Eixample, Barcelona. El calor continúa aplatanando nuestros pobres cuerpos y secando sin piedad nuestras ya de por sí castigadas almas.
¿De por sí?, preguntarán algunos olvidadizos, sin recordar siquiera la primigenia fábula de Adán y Eva. No voy a contárselas ahora. Si por casualidad alguien no la conoce, que pique los dos nombres en Google y enseguida se entera de toda la historia.
Vuelvo a lo mío, que en estos días es simplemente el calor. Ni siquiera la muela del juicio que acaba de arrancarme el doctor Moret ha desplazado del primer puesto de mis incomodidades esta sensación de pollo frito que arrastro desde hace varios días. No pido comprensión, tampoco que me compadezcan. Podría irme a otro lugar más fresco, pasar mi veraneo en algún lugar de invierno, pero, como casi todo en nuestra vida, mis molestias son la consecuencia lógica de una elección personal. No me gusta salir de vacaciones en estos meses, cuando la mayor parte de mis vecinos también han decidido hacerlo. Temo encontrarme con ellos a la vuelta de una esquina cualquiera de Tenerife, topármelos en un bar de tapas de Bilbao o Pontevedra, verlos acercarse muy sueltos de partes, sin bañador ni pareo, por la playa Es Cavallet de Ibiza. Ni siquiera pienso en New York, Thailandia o Costa Rica: estoy seguro de que los encontraría nada más pisar estas lejanas tierras extranjeras.
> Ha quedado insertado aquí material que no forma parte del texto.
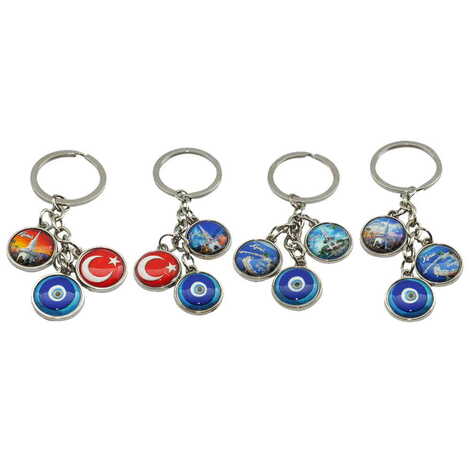 Kemer Themed Metal Keychain With 3 Charms - Mixed 40x90 mm - 2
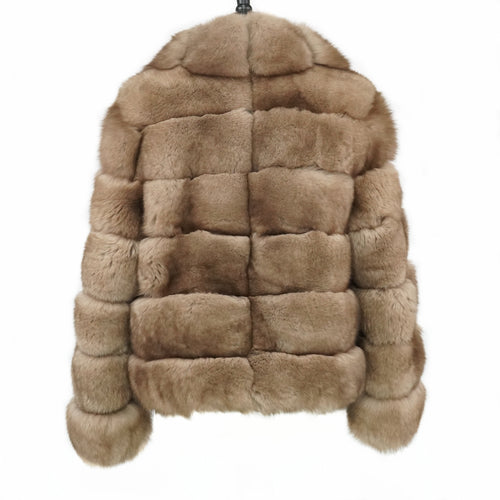 Brown-Yellow Fox Fur Coat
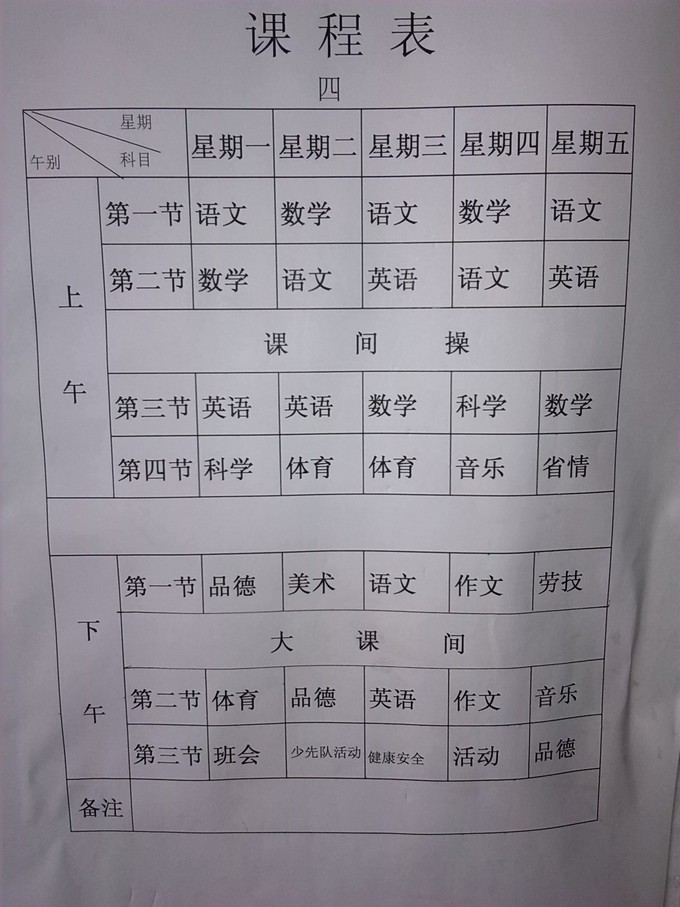 宝丰县张八桥镇中心小学课程表
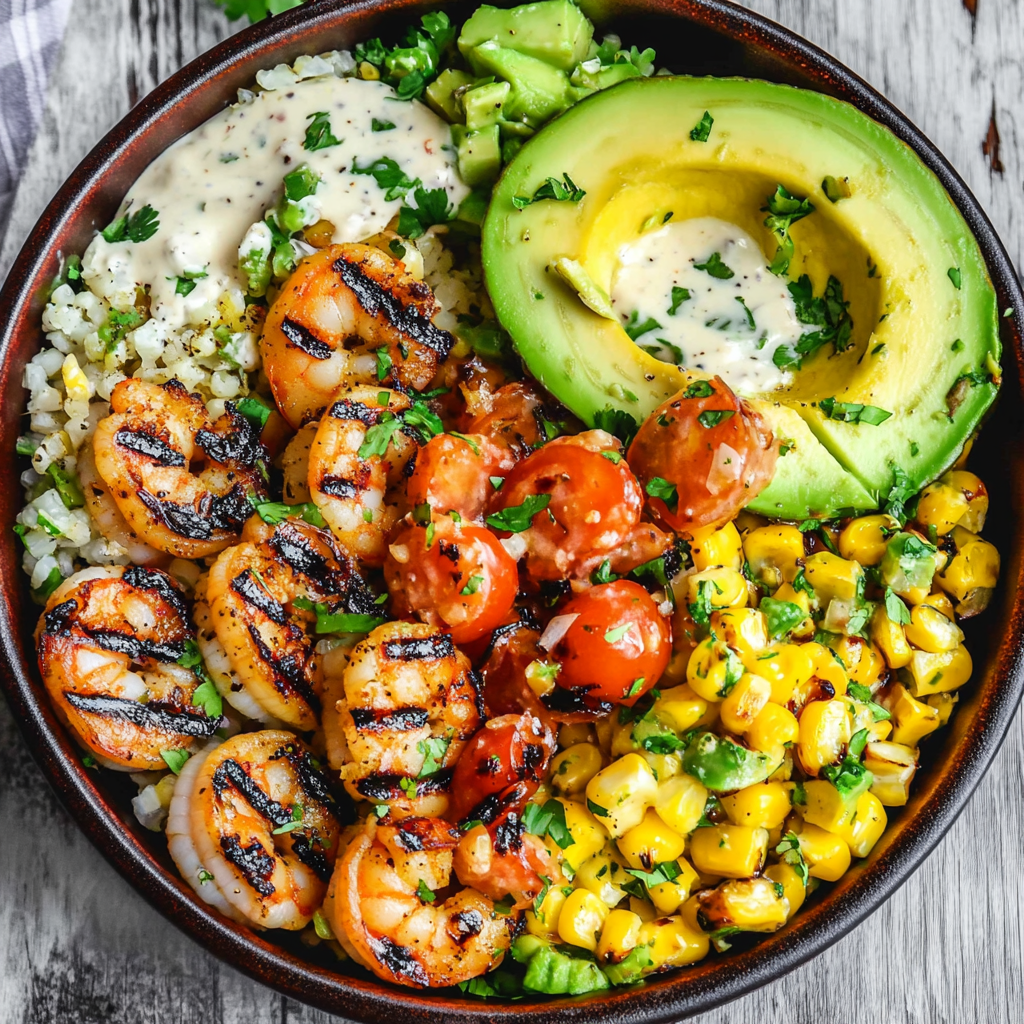 Grilled Shrimp Bowl with Avocado, Corn Salsa & Creamy Garlic Sauce: An Incredible 7-Ingredient Recipe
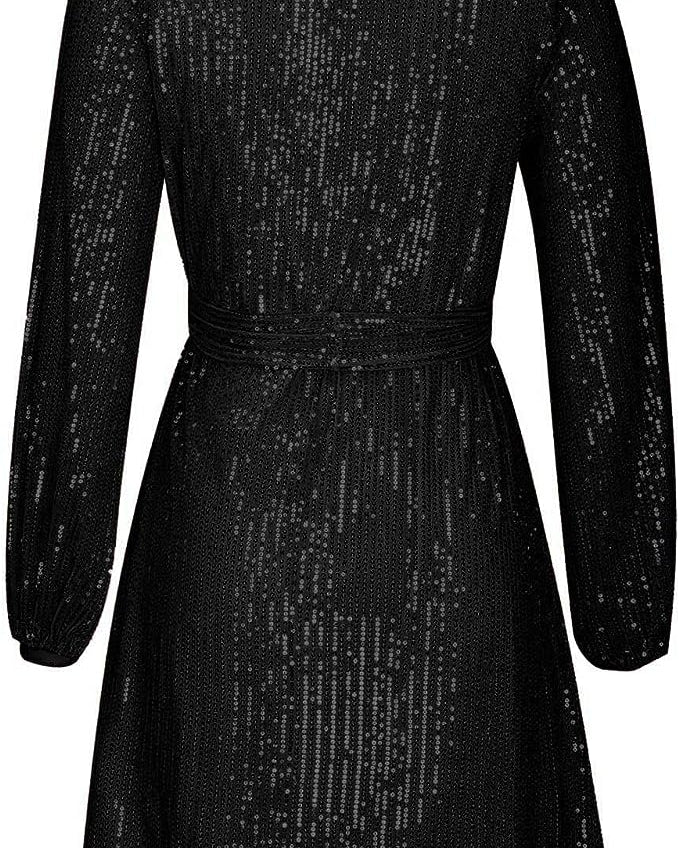 Black Aria Sapphire sequin mini dress by Lumina Wear, featuring a fitted silhouette and elegant neckline, perfect for evening wear.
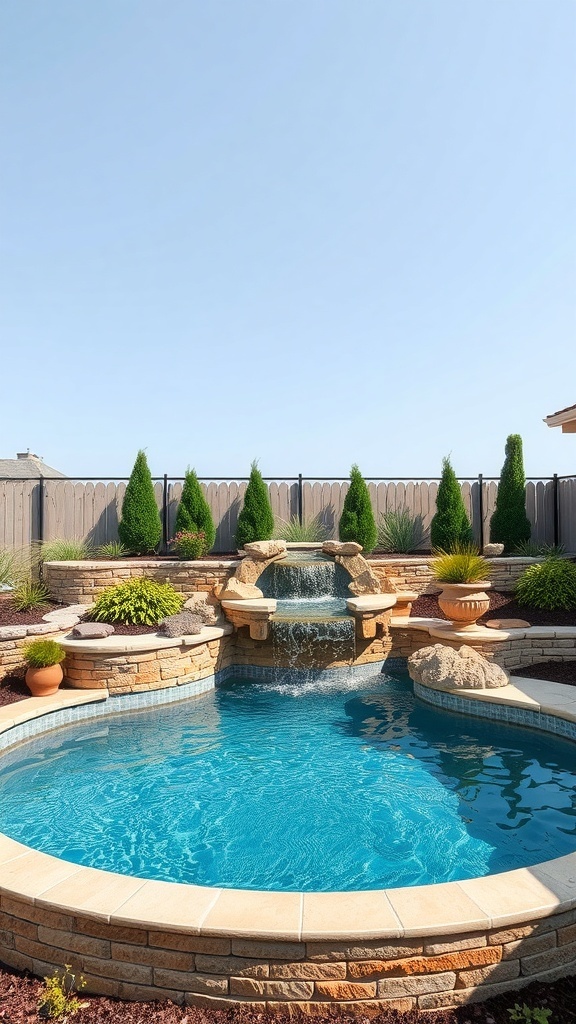 A sunken above-ground pool surrounded by natural stone and greenery, featuring a waterfall.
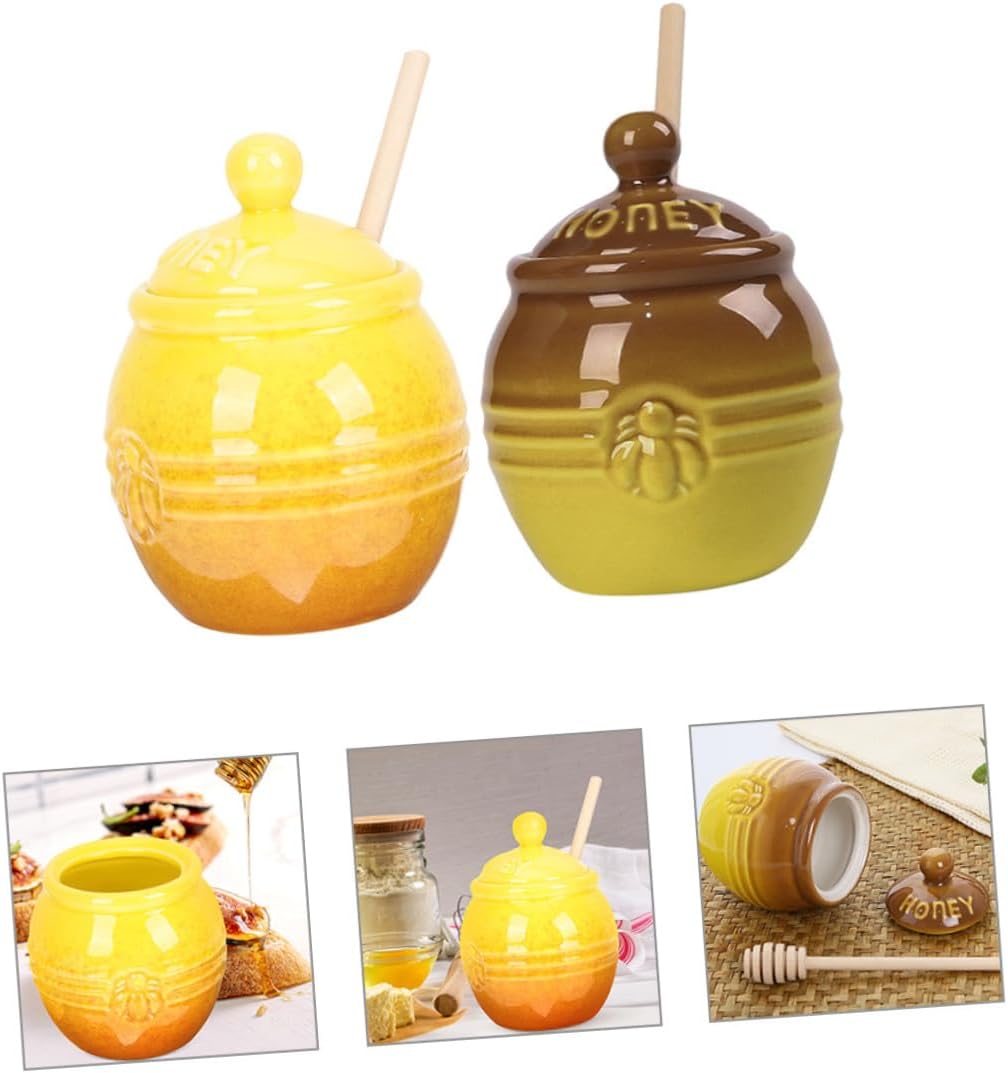 Unomor 2 Set Ceramic Honey Jar with Lid and Wooden Dipper Stick Honey Storage Container for Kitchen and Table Decoration Food-safe for Syrup and Sweetener Preservation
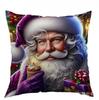 Funda de Almohada Navideña de Muñeco de Nieve Amazon Árbol de Navidad Montón de Regalos Decoración para el Hogar Habitación Funda de Cojín Almohada de Mesita de Noche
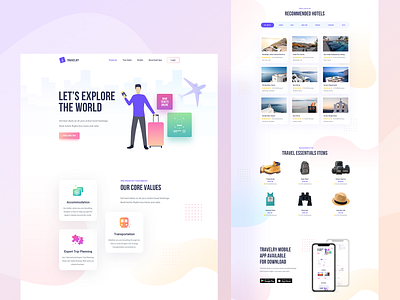 TRAVELRY - Travel Booking Landing Page agency website booking booking system branding bus booking design flight booking holiday hotel booking illustration landingpage product travel travel agency traveling ui ux vacation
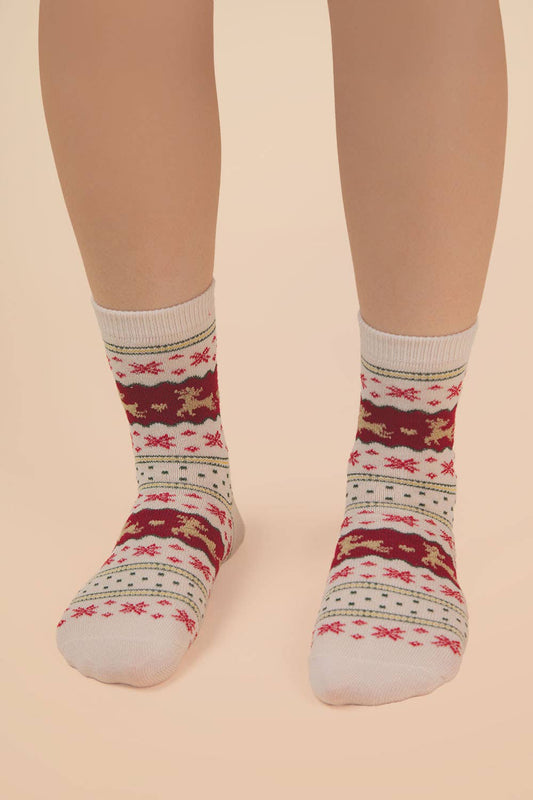 Christmas Crew Socks: Oatmeal / OS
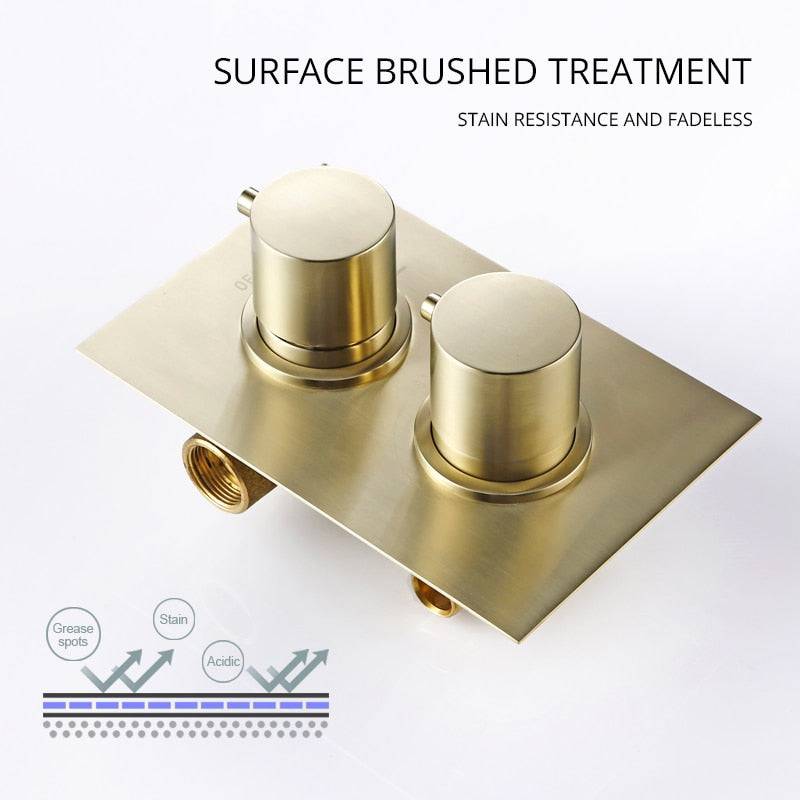 Wasser™ Brushed Gold Thermostatic Shower System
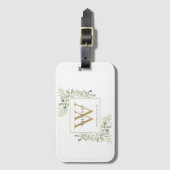 Persoonlijke groene elementen gouden monogram mode bagagelabel (Voorkant (verticaal))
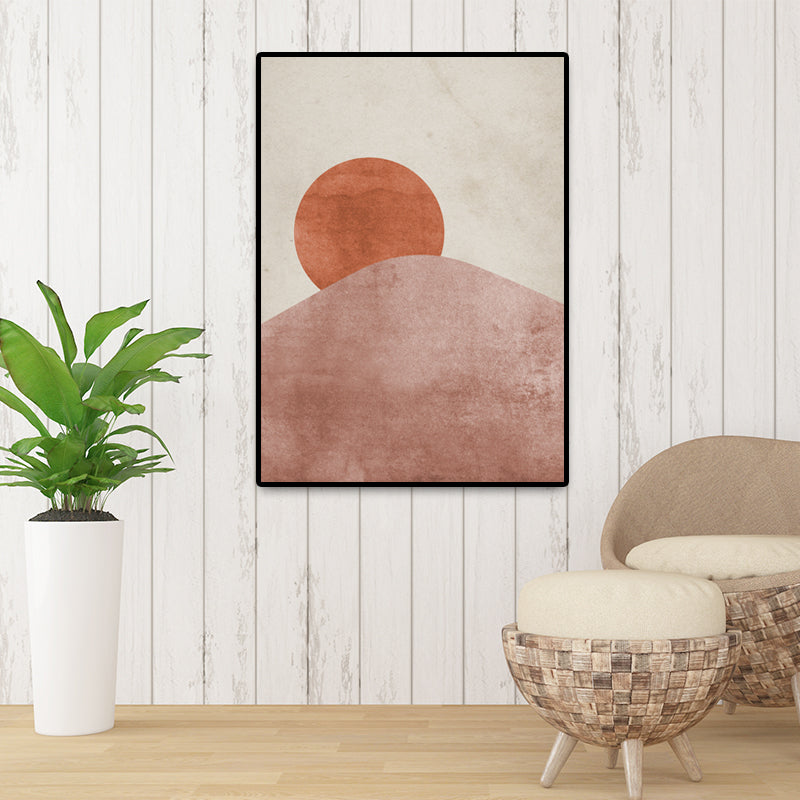 Sandsberg | Scandinavische Landschappen Wanddecoratie Afdruk Bruin Textured Wikkeldoek voor Slaapkamer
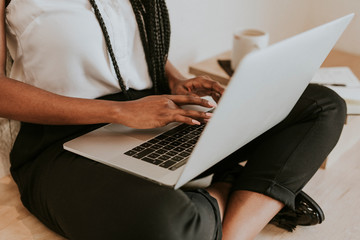 Woman using laptop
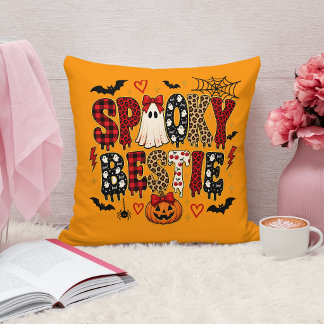 Spooky Bestie Halloween | Leopard Print Mixe Cushion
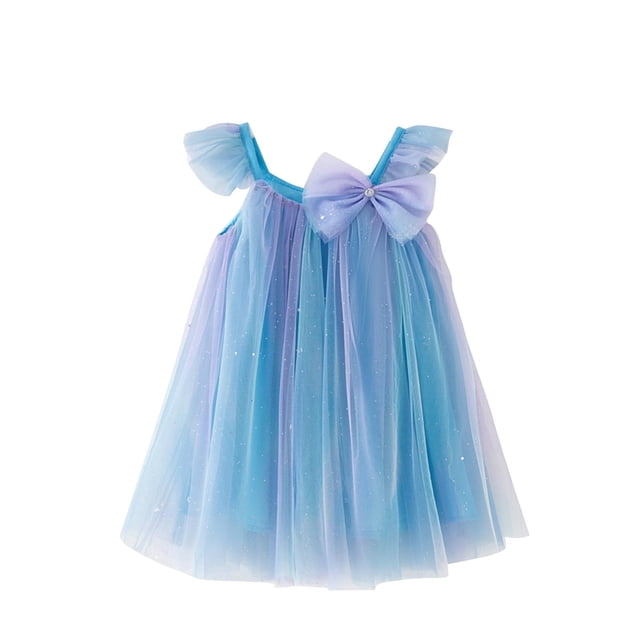 Odeerbi Vestido de Verano de Tul Con Lentejuelas Y Brillantes Tutu Vestido de Manga Con Lazo Gradient Vestido Sin Mangas de Malla Con Tirantes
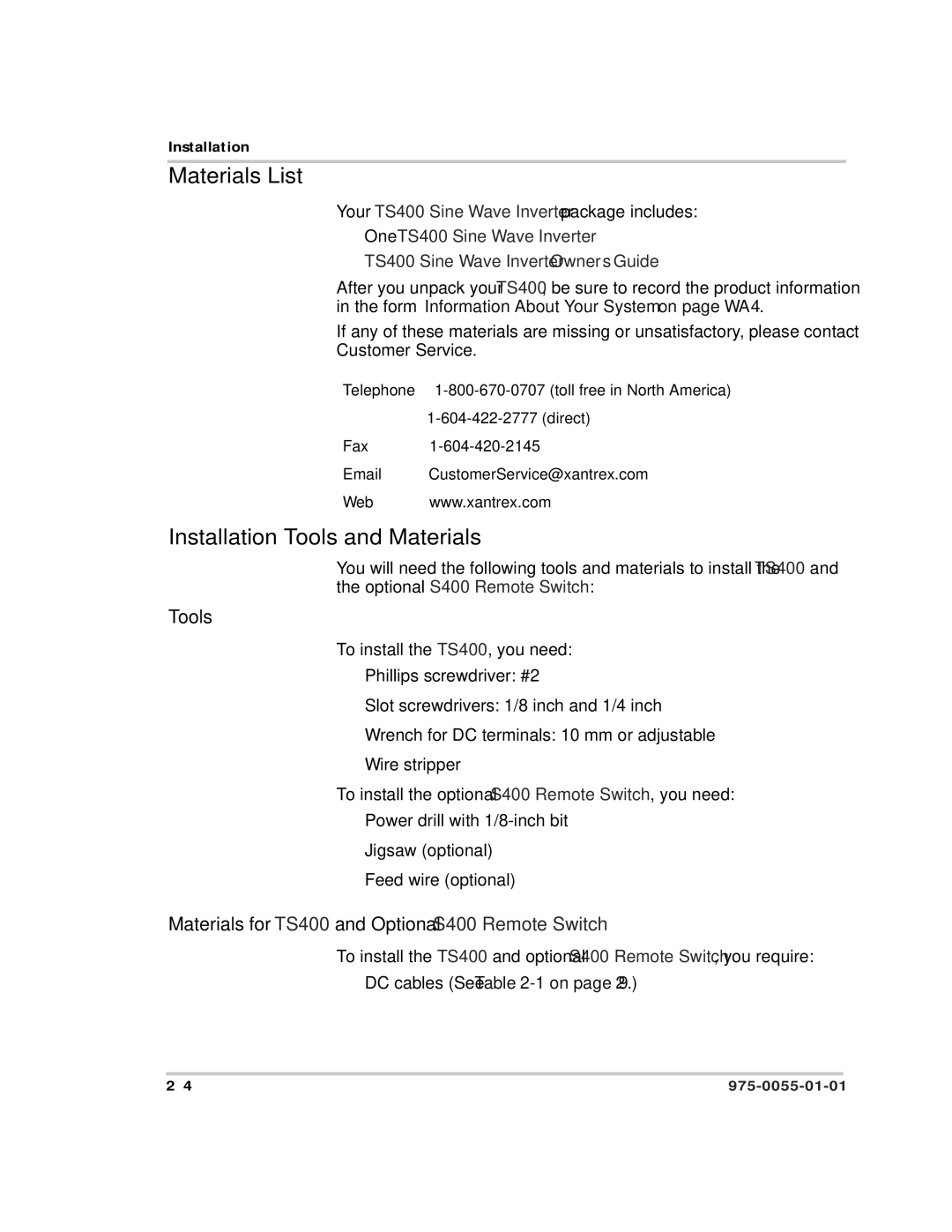 Xantrex Technology TS400 manual Materials List, Installation Tools and Materials 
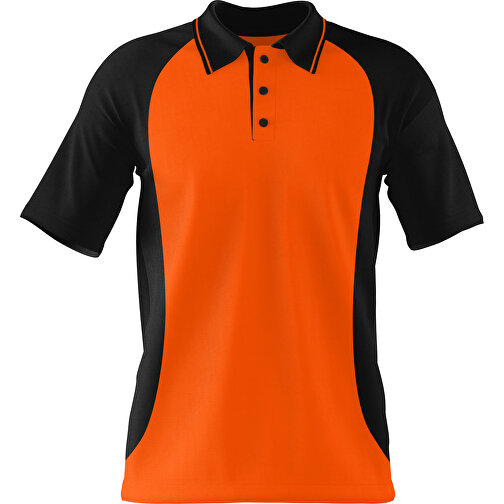 Poloshirt Individuell Gestaltbar , orange / schwarz, 200gsm Poly/Cotton Pique, S, 65,00cm x 45,00cm (Höhe x Breite), Bild 1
Además, hay días que en medio del calor ciudadano sucede algo fresco. Paso casualmente por la puerta del Liceo a las siete de la tarde y me asombro por la cantidad de gente feliz y recién acicalada que hace cola frente al teatro lírico. Los turistas que inundan las Ramblas siempre tienen cara de agobio. Se han duchado temprano, nada más levantarse, y después de varias horas de correr de un lado a otro para no perderse nada de no sé qué extraña cosa, están bastante sudados, fatigados, maltrechos. No quiero ser el Woody Allen de Stardust Memories, siempre en el tren contrario al de la felicidad y la belleza, así que me abro paso entre los bienaventurados para preguntarle al guardia jurado que controla una de las entradas por la razón de tanto contento.
-Es el ensayo general de Turandot. La estrenan mañana.
-¿Y dónde se venden las entradas?, pregunto esperanzado.
-No se venden, se regalan...
-¿¡Dónde!?, demando ahora, enardecido, mientras mis sandalias Massai toman posición para salir corriendo hacia los tickets.
- En realidad en ningún lugar... Suelen darlas a los empleados del teatro, a los estudiantes de música, a...
- Vaya...
Me desinflo, y tal vez por eso mismo no consigo despegarme de allí. No quiero abandonar el tren de los dichosos para volver al de los agobiados. Cerca de donde estoy, una treintañera con vestido floreado de aire retro y el cabello suelto a lo Rita Hayworth, parece esperar a alguien. Insisto:
-Perdona...¿Vas a entrar al teatro?
-Si, ¿querías algo?
-Entrar yo también, pero no sé cómo.
De forma casi milagrosa, una pareja con muy buen oído que estaba por allí, se acerca y me dice:
-Tienes suerte. Si de verdad quieres entrar a ver la función, a nosotros nos han fallado unos amigos.
Veo otra vez* la historia de la frígida Turandot desde la fila diez de platea, una posición inmejorable. Por fin me emociono. Después de tanto espectáculo de presunta vanguardia, el viejo Puccini en la versión de tonos clásicos de doña Nuria Espert, me hace saltar las lágrimas.
Cuando te ganas algo inesperado, sientes que la suerte está contigo, que la vida no te desprecia como a un bicho. La ilusión se ha recargado una vez más y me durará, me duró, unos cuantos días.
Exactamente hasta hoy, cuando veo en los diarios cómo siguen quemándose nuestros bosques por la acción de vaya a saber qué terroristas ecológicos y decenas de fanáticos del Barça, insensibles al verde, han asaltado el césped recientemente renovado de la cancha para arrancar trozos y llevárselos como recuerdo.
La imagen fotográfica con la gente desatada, incontrolable, me hizo recordar una película de 1975: The Day of the Locust (Como plaga de langosta). La dirigió John Schlesinger basándose en una novela del inclasificable y efímero Nathanael West (1903-1940), autor de otra pequeña joya llamada Miss Lonelyhearts.

*Posdata: ya contaré otro día que tenga más ganas y menos calor mi primera visión de esta ópera. Una puesta más austera (Colón de Buenos Aires) con dos voces de lujo: Birgit Nilsson y Montserrat Caballé.